* _DATA SEGMENT_
━━━━━━
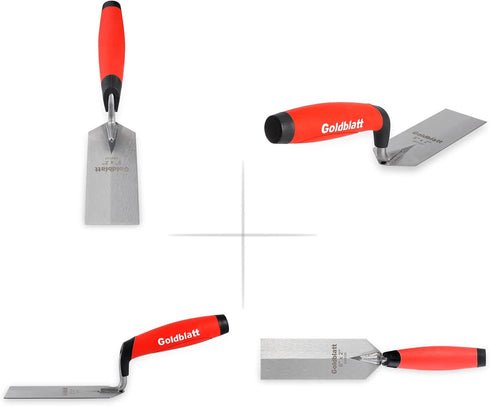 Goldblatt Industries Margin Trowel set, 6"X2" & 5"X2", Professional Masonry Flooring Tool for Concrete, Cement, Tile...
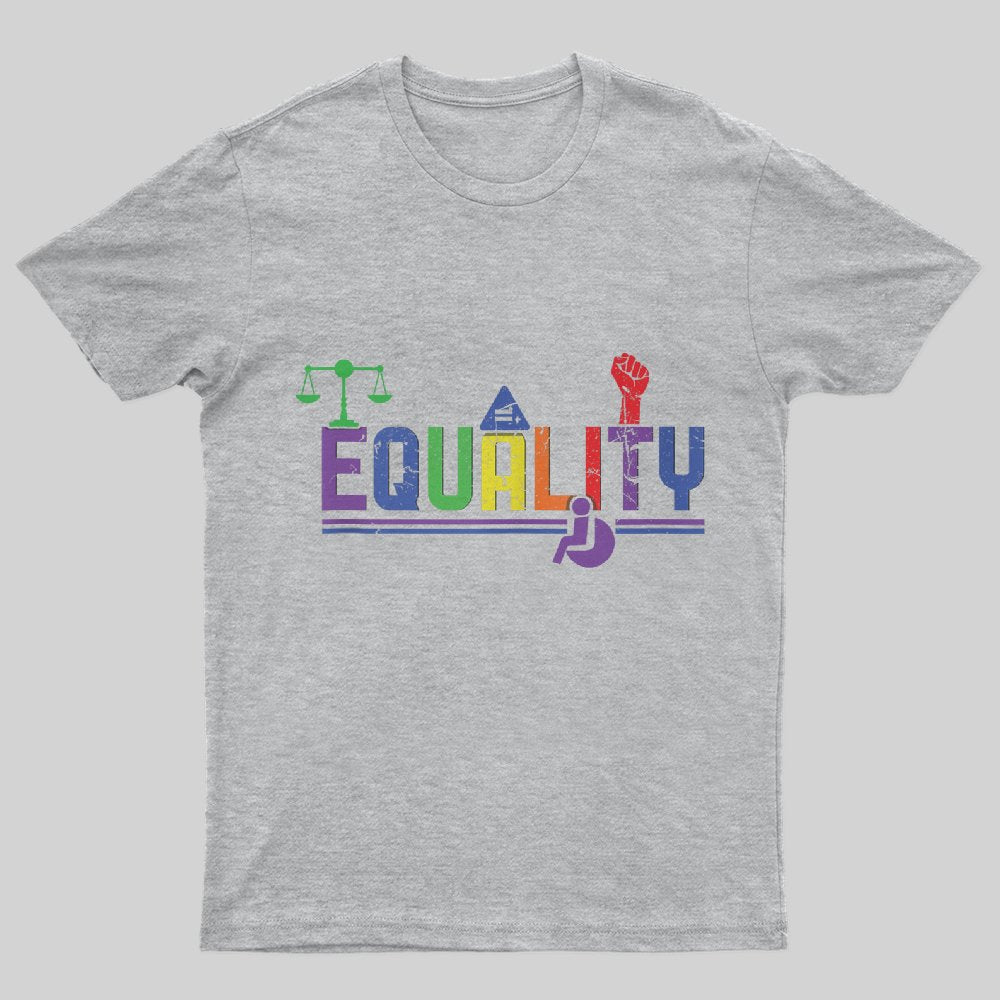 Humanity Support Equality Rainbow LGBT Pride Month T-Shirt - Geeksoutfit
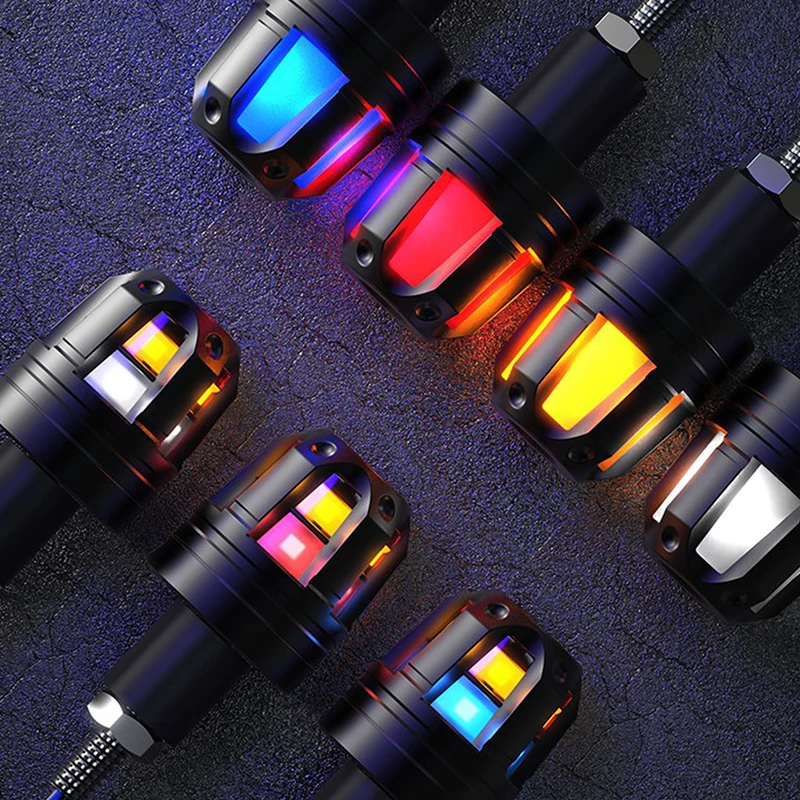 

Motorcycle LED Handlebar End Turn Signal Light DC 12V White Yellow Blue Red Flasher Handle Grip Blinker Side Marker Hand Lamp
━━━━━━
* _HOW TO COMPLETE THIS TASK_
Retype the listing exactly. Leave out its pictures.

* _WRITTEN RESPONSE_
 Goldblatt Industries Margin Trowel set, 6"X2" & 5"X2", Professional Masonry Flooring Tool for Concrete, Cement, Tile...
 Humanity Support Equality Rainbow LGBT Pride Month T-Shirt - Geeksoutfit

Motorcycle LED Handlebar End Turn Signal Light DC 12V White Yellow Blue Red Flasher Handle Grip Blinker Side Marker Hand Lamp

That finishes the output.